Centre for the Subatomic Structure of Matter (CSSM)

High-Energy Physics (HEP)

HEP is concerned with studying particle physics, particularly with regards to understanding physics at modern collider experiments and searching for new fundamental physical laws. This includes both the experimental and theoretical aspects of these topics. 

Our researchers are also involved in the development and operation of computing resources for particle physics research, particularly GAMBIT.

High-Energy Physics (HEP)

ARC CoE for Dark Matter Particle Physics (CDMPP) - Adelaide node

A number of staff and students within the Group also are involved with the ARC Centre of Excellence for Dark Matter Particle Physics, which is exploring the nature of dark matter- one of the greatest puzzles in contemporary physics.

Adelaide node of the CDMPP


  • 2024 News

    February 2024 : We welcome Shreya Saha and Kamiel Jansenns as new postdocs.

    February 9th 2024 : Harish Potti is moving to a Research Associate position at the University of Sydney. He joined us in April 2021, and we wish him well in his new position.

    January 25th 2024 : We farewell Dipan Sengupta (Research Fellow 2022-2024) and Laura Venuti (Visitor) today. Dipan will be taking up a tenure position at UNSW, and we wish them both well for their future endeavours.

  • 2023 News

    October 10th 2023 : Tony Thomas and colleagues from the Centre for Dark Matter Particle Physics and the Jefferson Lab (Virginia, USA), have investigated a possible connection between dark photons and dark matter. Recent media exposure includes an article in the Financial Review (requires a subscription to view), and the University's Newsroom. The work is published in the Journal of High-Energy Physics.

    August 22nd 2023 : In Education Today, NUPP PhD candidate Emily Filmer discusses the need for diversity in role models for STEM careers, especially when students' direct exposure to such role models is limited. 

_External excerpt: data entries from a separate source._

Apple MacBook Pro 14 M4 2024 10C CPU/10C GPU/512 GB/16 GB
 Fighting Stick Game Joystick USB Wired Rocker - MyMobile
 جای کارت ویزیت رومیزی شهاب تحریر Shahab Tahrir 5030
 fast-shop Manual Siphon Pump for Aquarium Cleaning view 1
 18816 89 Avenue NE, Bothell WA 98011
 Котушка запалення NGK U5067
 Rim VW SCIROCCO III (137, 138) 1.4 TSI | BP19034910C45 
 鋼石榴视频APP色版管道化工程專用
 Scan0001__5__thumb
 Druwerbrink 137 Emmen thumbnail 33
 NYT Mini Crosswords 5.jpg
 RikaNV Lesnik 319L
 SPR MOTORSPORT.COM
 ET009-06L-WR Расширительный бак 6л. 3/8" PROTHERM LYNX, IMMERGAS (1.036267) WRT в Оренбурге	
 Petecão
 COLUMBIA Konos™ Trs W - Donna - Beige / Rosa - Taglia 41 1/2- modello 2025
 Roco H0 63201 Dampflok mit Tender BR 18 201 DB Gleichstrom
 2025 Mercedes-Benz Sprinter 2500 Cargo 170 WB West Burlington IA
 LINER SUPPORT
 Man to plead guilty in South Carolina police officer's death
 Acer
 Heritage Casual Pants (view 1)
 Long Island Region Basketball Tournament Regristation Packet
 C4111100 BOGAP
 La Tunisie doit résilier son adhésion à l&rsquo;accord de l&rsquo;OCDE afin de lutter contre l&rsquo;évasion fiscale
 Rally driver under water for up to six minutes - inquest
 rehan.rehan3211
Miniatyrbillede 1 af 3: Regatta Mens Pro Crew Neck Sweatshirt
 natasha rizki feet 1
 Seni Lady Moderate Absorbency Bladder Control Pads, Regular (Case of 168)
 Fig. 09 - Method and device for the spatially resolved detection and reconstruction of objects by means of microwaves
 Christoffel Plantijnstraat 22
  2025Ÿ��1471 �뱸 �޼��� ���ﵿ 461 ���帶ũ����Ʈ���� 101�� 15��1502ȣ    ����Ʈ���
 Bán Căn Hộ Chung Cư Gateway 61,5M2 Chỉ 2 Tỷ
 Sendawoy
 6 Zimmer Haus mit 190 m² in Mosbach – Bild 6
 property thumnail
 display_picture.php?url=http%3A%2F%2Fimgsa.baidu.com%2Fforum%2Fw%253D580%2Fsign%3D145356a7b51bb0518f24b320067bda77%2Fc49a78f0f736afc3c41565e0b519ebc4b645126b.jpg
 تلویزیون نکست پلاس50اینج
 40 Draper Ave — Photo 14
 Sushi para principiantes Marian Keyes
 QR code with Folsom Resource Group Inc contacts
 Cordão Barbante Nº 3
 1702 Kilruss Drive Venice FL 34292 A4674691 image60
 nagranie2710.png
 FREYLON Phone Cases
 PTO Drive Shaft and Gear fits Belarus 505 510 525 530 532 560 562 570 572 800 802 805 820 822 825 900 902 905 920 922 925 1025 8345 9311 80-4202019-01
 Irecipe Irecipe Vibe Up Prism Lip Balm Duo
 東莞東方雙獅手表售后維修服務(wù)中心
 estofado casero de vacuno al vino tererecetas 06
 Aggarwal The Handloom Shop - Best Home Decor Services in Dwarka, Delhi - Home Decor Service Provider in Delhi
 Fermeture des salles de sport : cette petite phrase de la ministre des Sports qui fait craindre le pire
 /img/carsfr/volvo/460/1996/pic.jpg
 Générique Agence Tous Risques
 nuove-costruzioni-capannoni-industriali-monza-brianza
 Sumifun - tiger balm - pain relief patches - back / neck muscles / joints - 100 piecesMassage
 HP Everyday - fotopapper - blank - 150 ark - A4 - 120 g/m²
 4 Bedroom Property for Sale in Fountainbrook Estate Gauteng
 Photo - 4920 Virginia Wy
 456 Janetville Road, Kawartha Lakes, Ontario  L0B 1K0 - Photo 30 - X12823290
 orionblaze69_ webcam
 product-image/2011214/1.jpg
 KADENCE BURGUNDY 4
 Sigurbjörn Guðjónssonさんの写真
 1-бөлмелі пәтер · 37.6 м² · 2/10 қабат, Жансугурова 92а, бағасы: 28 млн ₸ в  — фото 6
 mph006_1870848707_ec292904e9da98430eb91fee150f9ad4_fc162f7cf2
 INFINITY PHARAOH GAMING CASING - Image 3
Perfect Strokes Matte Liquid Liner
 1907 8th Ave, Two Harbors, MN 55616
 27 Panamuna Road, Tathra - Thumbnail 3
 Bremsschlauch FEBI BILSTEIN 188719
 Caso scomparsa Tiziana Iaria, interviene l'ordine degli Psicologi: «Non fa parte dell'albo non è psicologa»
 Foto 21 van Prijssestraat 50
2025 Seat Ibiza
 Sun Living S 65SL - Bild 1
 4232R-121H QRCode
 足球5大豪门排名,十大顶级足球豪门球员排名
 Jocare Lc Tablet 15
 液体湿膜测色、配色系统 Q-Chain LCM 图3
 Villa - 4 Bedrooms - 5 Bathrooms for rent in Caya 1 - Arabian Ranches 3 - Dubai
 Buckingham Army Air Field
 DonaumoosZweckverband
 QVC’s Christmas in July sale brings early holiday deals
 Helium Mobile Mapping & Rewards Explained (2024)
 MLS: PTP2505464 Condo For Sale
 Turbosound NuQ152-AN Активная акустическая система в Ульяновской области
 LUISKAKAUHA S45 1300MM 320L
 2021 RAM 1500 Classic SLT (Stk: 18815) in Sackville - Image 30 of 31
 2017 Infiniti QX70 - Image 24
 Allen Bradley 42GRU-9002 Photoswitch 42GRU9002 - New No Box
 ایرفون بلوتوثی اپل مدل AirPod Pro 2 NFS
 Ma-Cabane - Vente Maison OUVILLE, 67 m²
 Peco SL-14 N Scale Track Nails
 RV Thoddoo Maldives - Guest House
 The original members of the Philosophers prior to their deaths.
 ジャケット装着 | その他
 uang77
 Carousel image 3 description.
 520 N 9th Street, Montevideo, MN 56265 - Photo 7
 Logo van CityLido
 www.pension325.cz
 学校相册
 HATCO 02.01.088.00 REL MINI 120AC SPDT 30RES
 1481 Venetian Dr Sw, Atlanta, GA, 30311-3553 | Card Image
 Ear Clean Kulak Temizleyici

    August 9th 2023 : Tony Thomas was interviewed on ABC Radio Afternoons, discussing aspects of the Large Hadron Collider. The interview may be heard here.

    August 9th 2023 : NUPP researcher Dipan Sengupta gave a public lecture as part of the CDMPP National Quantum & Dark Matter Road Trip. A recording of Dipan's lecture may be found here.

    August 2nd 2023 : NUPP researcher Irene Bolognino gave a public lecture relating to SABRE South and the search for dark matter. This was on behalf of the Astronomical Society of South Australia. A recording of Irene's lecture may be found here.

    July 2023 : HEP PhD candidate Emily Filmer was awarded the Best Poster prize at Lepton Photon 2023, for her poster entitled "Searching for BSM physics using challenging and long-lived signatures with the ATLAS Detector."

    July 2023 : We are pleased to welcome Emily Campbell as a new member of our office staff.

    May 2023 : We are approaching the end of an era at CSSM. Sharon Johnson, who has made CSSM her home away from home for the last 28 years, is about to retire. In addition to the academic staff, generations of students have benefitted from her guidance and caring support. During her tenure, Sharon has successfully led the professional support for more than 40 conferences and workshops. She has also given support to a stream of international visitors, providing assistance with travel and accommodation as well as guidance on local customs and attractions. We thank Sharon for her outstanding service and wish her the very best in the next stage of her life.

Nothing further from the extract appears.